Wenn die Postmoderne an ihre Grenzen und darüber hinaus getrieben wird, kehrt das Archaische mit stampfenden Schritten zurück, wie ein Titan auf den Olymp. Und das ist es, was Sucker Punch doch irgendwie wieder faszinierend macht. Die haltlose Naivität, mit der der Film vorgibt, etwas zu sein, was er nicht ist. Die Geschichtsvergessenheit, mit der er seinen Zitatenzyklus ohne einen Funken Anstand oder wenigstens Ironie ausschlachtet, hat etwas enorm urtümliches. Und also findet sich in ihm auch ein Widerhall von Filmen wie Birth of a Nation, die auch in Ihren Grundfesten verachtenswert sind, die aber gleichzeitig zu den Gründungsmythen des amerikanischen Kinos gehören.

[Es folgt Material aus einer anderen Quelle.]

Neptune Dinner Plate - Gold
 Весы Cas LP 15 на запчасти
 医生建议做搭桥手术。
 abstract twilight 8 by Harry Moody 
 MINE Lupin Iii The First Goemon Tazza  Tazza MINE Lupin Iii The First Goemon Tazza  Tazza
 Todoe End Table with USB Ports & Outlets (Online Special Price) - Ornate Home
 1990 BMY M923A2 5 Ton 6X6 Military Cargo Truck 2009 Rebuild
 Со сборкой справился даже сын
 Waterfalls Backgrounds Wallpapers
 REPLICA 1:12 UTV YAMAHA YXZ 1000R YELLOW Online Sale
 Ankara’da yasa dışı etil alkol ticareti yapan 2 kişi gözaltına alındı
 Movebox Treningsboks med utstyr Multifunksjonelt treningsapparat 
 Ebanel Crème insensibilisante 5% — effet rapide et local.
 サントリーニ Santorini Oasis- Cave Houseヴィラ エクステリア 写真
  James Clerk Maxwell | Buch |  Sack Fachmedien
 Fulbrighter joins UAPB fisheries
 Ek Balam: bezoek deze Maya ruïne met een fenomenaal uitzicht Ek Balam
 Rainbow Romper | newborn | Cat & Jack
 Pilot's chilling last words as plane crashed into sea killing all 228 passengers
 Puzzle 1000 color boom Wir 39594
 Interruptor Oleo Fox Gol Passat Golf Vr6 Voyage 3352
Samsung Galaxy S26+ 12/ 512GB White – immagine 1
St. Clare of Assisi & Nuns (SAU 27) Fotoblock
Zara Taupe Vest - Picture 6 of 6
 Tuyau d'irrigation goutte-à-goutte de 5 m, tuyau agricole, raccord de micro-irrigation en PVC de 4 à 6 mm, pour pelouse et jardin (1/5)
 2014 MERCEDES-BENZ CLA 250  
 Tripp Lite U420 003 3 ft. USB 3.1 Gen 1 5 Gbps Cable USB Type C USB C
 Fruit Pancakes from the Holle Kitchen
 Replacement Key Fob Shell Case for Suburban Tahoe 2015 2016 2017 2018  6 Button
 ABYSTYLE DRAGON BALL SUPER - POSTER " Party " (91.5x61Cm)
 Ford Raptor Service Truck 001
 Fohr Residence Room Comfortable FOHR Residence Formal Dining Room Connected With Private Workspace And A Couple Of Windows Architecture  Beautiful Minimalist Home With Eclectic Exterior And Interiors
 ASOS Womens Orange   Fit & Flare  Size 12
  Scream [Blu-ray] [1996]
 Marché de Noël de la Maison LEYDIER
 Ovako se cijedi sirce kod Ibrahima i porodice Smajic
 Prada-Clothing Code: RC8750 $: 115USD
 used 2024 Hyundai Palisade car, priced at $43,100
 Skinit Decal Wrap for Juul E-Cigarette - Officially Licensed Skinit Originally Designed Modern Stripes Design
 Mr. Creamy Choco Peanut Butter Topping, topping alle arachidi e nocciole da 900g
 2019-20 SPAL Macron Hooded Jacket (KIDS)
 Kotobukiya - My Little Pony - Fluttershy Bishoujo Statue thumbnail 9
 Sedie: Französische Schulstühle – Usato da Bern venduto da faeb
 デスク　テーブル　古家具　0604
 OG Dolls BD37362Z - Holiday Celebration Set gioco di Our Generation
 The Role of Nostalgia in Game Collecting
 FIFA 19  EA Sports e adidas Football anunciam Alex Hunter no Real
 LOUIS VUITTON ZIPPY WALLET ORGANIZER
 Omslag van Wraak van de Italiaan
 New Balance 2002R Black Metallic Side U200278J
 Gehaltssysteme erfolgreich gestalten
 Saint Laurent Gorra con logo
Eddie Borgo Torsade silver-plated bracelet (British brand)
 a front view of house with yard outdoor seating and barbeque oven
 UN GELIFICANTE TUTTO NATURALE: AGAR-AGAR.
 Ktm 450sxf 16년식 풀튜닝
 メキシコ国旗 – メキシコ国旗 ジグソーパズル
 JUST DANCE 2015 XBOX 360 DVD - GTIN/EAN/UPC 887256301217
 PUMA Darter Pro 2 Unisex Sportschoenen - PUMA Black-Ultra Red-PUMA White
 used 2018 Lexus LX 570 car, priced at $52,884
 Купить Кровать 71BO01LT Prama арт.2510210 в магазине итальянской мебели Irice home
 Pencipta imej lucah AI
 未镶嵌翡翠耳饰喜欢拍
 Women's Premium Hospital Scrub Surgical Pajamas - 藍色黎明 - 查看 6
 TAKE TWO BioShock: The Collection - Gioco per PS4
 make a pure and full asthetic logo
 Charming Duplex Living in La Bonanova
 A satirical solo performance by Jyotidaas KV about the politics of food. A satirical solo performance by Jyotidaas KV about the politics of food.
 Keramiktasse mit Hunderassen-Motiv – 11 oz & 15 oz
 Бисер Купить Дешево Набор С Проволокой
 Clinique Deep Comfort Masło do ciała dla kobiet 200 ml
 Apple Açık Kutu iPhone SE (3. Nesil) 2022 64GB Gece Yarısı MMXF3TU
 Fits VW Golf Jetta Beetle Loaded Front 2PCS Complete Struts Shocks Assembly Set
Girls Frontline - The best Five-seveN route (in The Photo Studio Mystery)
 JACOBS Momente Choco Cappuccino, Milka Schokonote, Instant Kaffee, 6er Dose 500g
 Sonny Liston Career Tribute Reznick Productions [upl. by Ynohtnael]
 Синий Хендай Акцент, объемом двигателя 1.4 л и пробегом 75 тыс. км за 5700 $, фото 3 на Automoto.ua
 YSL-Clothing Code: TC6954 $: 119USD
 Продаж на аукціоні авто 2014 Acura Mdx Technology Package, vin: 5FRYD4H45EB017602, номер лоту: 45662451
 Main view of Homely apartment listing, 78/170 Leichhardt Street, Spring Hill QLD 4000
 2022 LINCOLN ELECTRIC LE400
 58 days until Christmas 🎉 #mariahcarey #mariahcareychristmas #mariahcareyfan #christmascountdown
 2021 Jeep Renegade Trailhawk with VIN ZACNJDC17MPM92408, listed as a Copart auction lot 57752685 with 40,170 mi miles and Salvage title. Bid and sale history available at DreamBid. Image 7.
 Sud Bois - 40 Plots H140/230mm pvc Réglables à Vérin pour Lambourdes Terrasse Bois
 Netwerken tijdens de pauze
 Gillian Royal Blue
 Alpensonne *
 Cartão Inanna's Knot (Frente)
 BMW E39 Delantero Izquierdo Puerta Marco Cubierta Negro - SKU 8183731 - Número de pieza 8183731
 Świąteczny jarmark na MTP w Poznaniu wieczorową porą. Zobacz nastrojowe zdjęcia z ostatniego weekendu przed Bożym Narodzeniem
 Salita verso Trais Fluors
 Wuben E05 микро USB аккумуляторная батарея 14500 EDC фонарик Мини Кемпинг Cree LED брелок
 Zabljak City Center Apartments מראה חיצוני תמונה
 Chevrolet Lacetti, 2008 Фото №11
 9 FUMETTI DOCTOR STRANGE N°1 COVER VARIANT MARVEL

Es fällt mir schwer, mir ein abschließendes Urteil über Sucker Punch bilden. Ich fand den Film zu langweilig, um mich darüber aufzuregen und in seiner unfassbaren Maßlosigkeit zu faszinierend, um mich wirklich zu langweilen. Und somit ist wahrscheinlich damit das Urteil erreicht: Sucker Punch ist einfach vollkommen belanglos. Er ist es nicht wert, dass man ihn in irgendeiner Weise näher betrachtet. Und da ich – und mit mir viele andere Kritiker – dies gerade doch getan haben, weil sie irgendwie das Gefühl hatten, sie mussten sich mit dem Film auseinandersetzen, hat Snyder sein Ziel im Endeffekt wahrscheinlich doch erreicht: Er hat seinem persönlichen Sandkasten irgendwie Relevanz verliehen.

[Ergänzung:]

Zusätzlich zur im Text verlinkten “Girls on Film”-Kolumne empfehle ich Angie Hans Artikel auf /film.

Außerdem: “Sucker Punch and the Fetishized Image” von Oscar Moralde ist sehr gut geschrieben und argumentiert, wirft aber die Frage auf: Wenn keiner merkt, dass etwas Satire ist, ist es dann noch Satire?